*** Opening of PROVIDED DATA ***
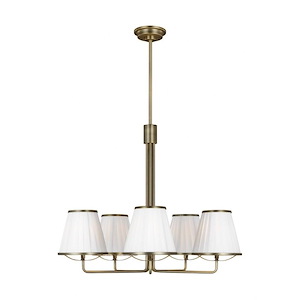 Generation Lighting-Esther-5 Light Medium Chandelier-21.38 Inch Tall and 26.5 Inch Wide - 1105902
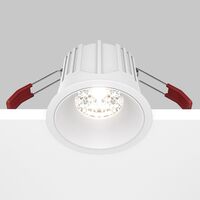 Встраиваемый светильник Alfa LED 4000K 15Вт 36° / Maytoni DL043-01-15W4K-RD-W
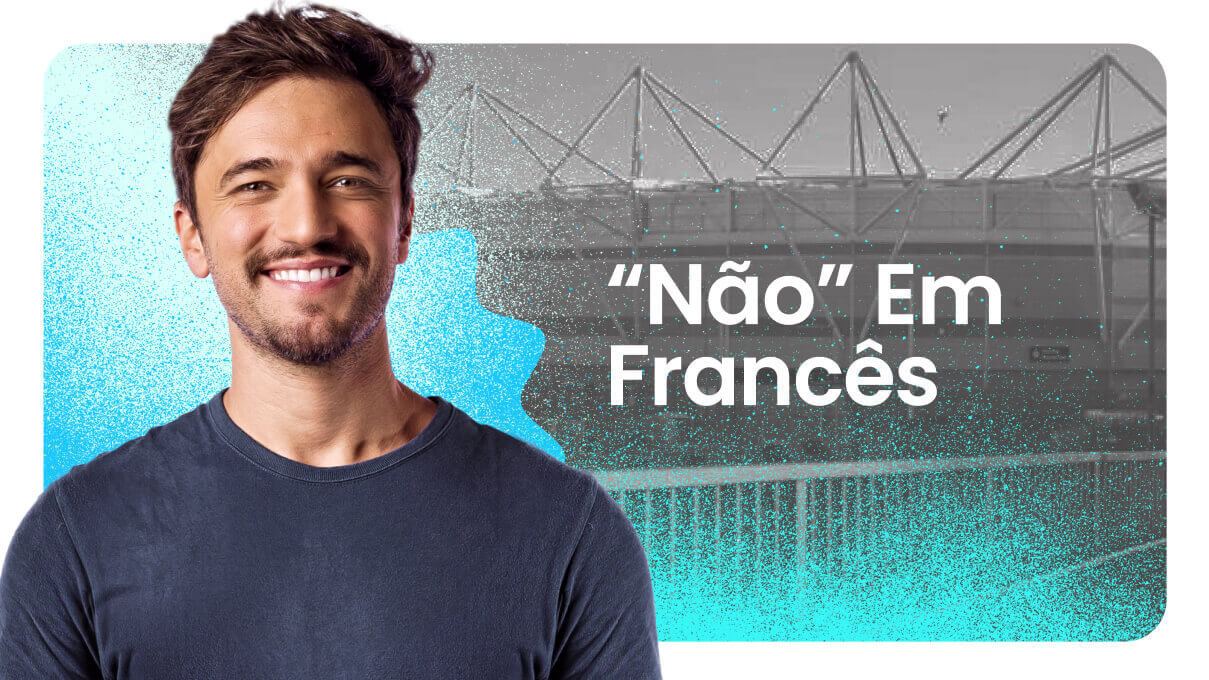 Não em francês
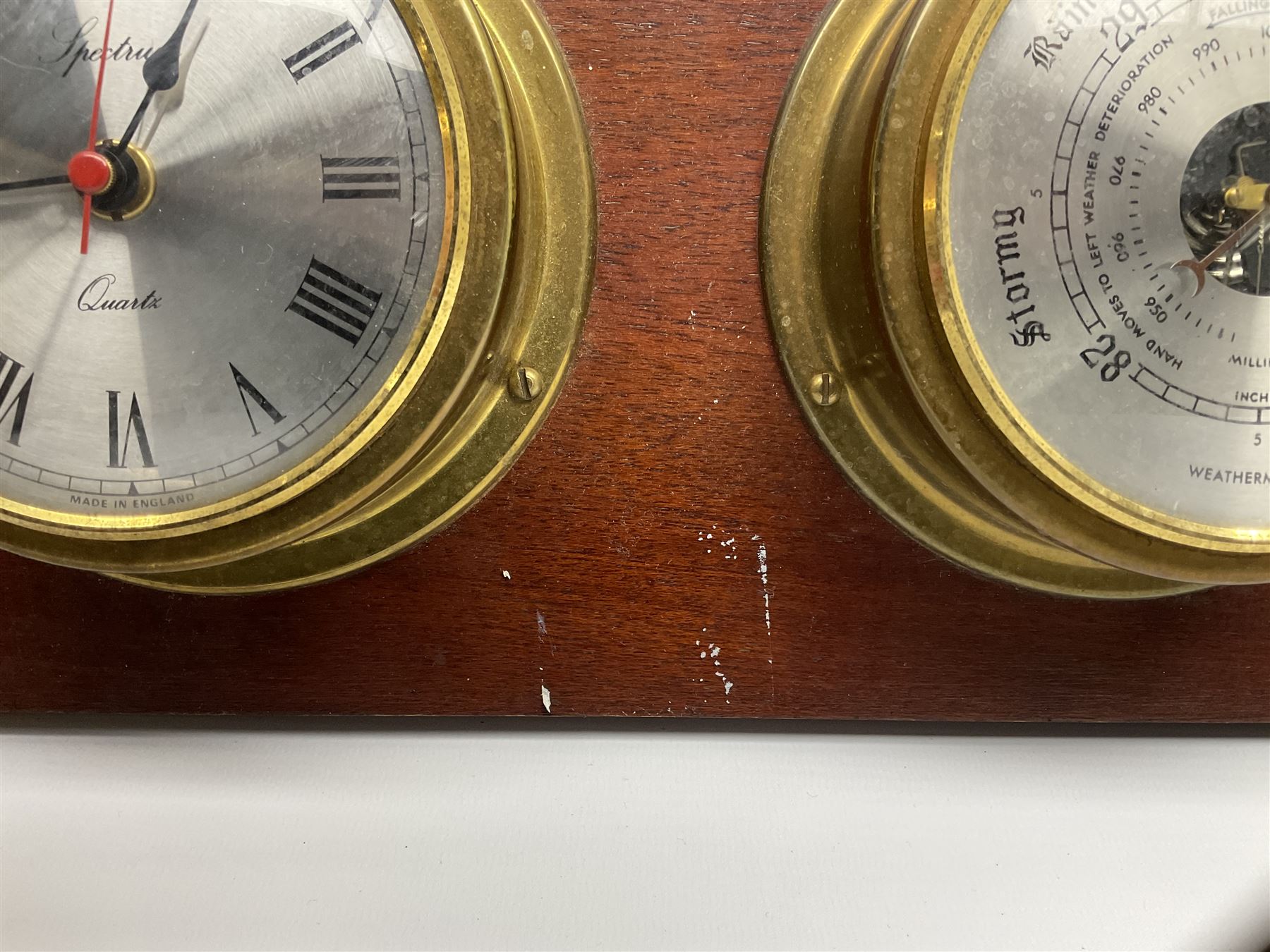 Wall hanging Spectrum quartz clock and Weathermaster barometer - Image 7 of 8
*** Close of PROVIDED DATA ***
_TASK GOAL_.
Go through the listing above and retype each line exactly, apart from the pictures.

_RESPONSE TO THIS TASK_.
 Generation Lighting-Esther-5 Light Medium Chandelier-21.38 Inch Tall and 26.5 Inch Wide - 1105902
 Встраиваемый светильник Alfa LED 4000K 15Вт 36° / Maytoni DL043-01-15W4K-RD-W
 Não em francês
 Wall hanging Spectrum quartz clock and Weathermaster barometer - Image 7 of 8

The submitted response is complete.